Format Design: Mike Neal © Nealstudios.net
Proverbs 27:8
Like a bird that strays from its nest is a man or woman who strays from home.
Chapter 1
Detective Leilani Texeira wished she’d come to this enchanted place for some reason other than death. She picked her way down the steps of the raised jungle boardwalk, turning her head to look upward at the canopy of interlaced branches of native koa and ohia trees. Droplets of moisture and golden light fell around her on an understory of massed ferns. She’d heard of the native forest sanctuary accessible from atop Haleakala volcano but had never taken the time to visit. Now she wished she could linger and take in the multitextured beauty of the place instead of hurrying on with their grim errand.

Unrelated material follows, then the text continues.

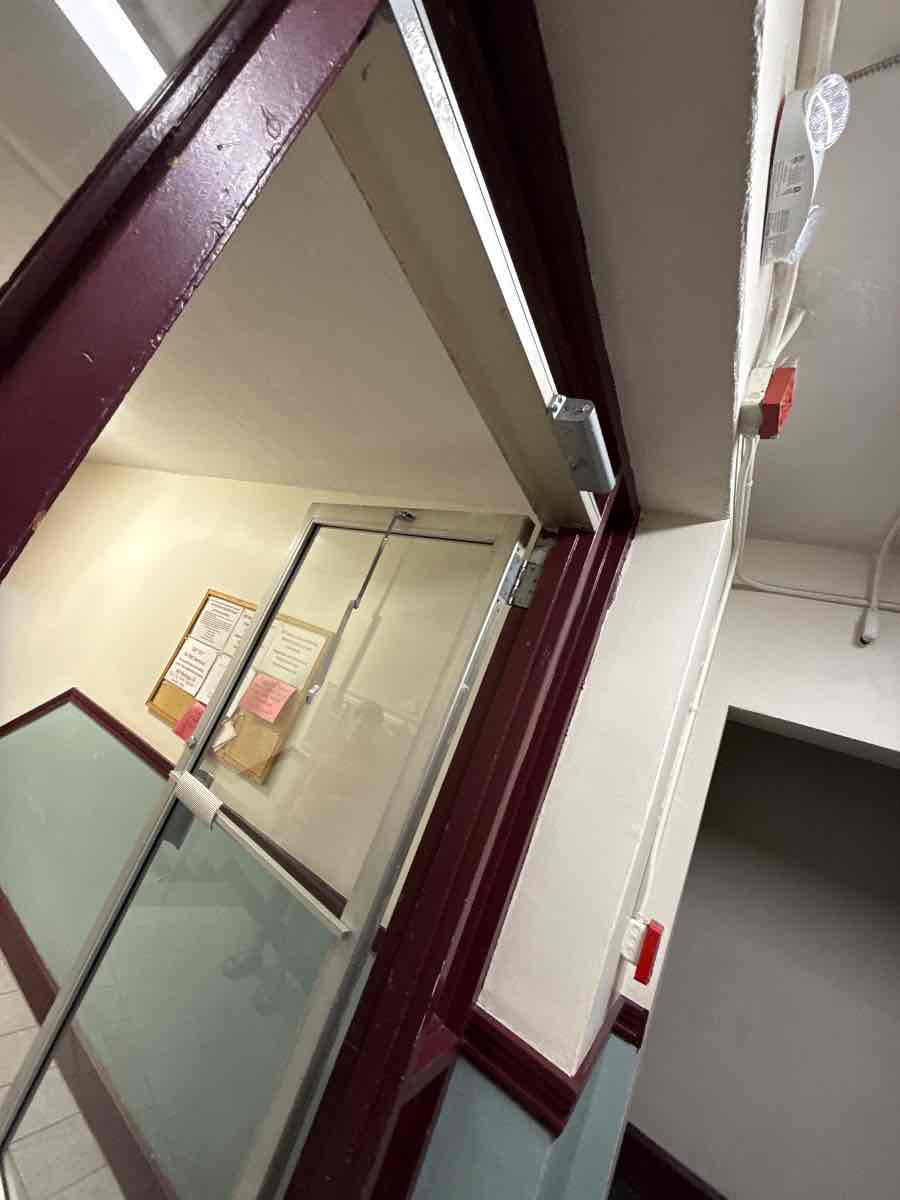A new closer mounted on a common-entry door so it shuts and latches on its own every time.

“So many shades of green,” Lei murmured, ducking under a lichen-covered branch crossing the walkway. Her curly brown hair caught on it anyway, and she gave it an impatient tug. The ranger who’d found the body, a wiry older Japanese man with the weathered skin of someone who’d lived his life outdoors, glanced back over his shoulder.
“This is what we call a cloud forest, not a rainforest, because it’s mostly watered by mist. All the plants you’ve seen since the helicopter landing area are native Hawaiian species. We’ve worked hard to keep the invasives out of this area.”
“Invasives?” A solitude pierced only by unfamiliar, sweet birdsong brought Lei’s heart rate down after the lurching helicopter ride to the remote area.
“Introduced plant species. There are thousands, and they are smothering the native plants and taking away feeding from the indigenous birds. The biggest enemies of this forest are pigs, axis deer, and goats, and the reason this area is so pristine is that we’ve fenced the entire top of Haleakala to keep them out.”
“Interesting.” Lei glanced back at her partner, Pono, following her, another ranger bringing up the rear.
“I do my part as a hunter.” Pono’s smile turned up his mouth behind a trademark bristly mustache. “Plenny game up here, and they’re all good eating.”
“Well, I don’t know what all this has to do with the body you found.” Lei wove her way around a giant curling fern frond bisecting the path, her athletic body moving easily even with the elevation.
“I didn’t touch the body, of course, but I think he looks like some kind of hunter,” Ranger Takama said. “He’s in camo gear. I’m no expert, but even I could see what killed him was an arrow, so it was probably a hunter up here that shot him by mistake. If it weren’t for the smell, we wouldn’t have found him at all.”
That smell had been steadily increasing, a sweetish reek that clung to the inside of Lei’s throat like mucus.
“We leave the boardwalk here.” Takama gestured and stepped down off the boardwalk. Lei jumped down beside him into thick underbrush made up of ferns and bushes. “Normally, no one but authorized personnel are allowed off the path.”
The smell of decomp almost made Lei’s eyes water. She dug a vial of Vicks out of her pocket and rubbed some under her nose, turning to hand it to Pono, who’d joined her beside the boardwalk. Takama also helped himself, and they followed him, feet sinking into the deep, soft leaf mulch on the forest floor.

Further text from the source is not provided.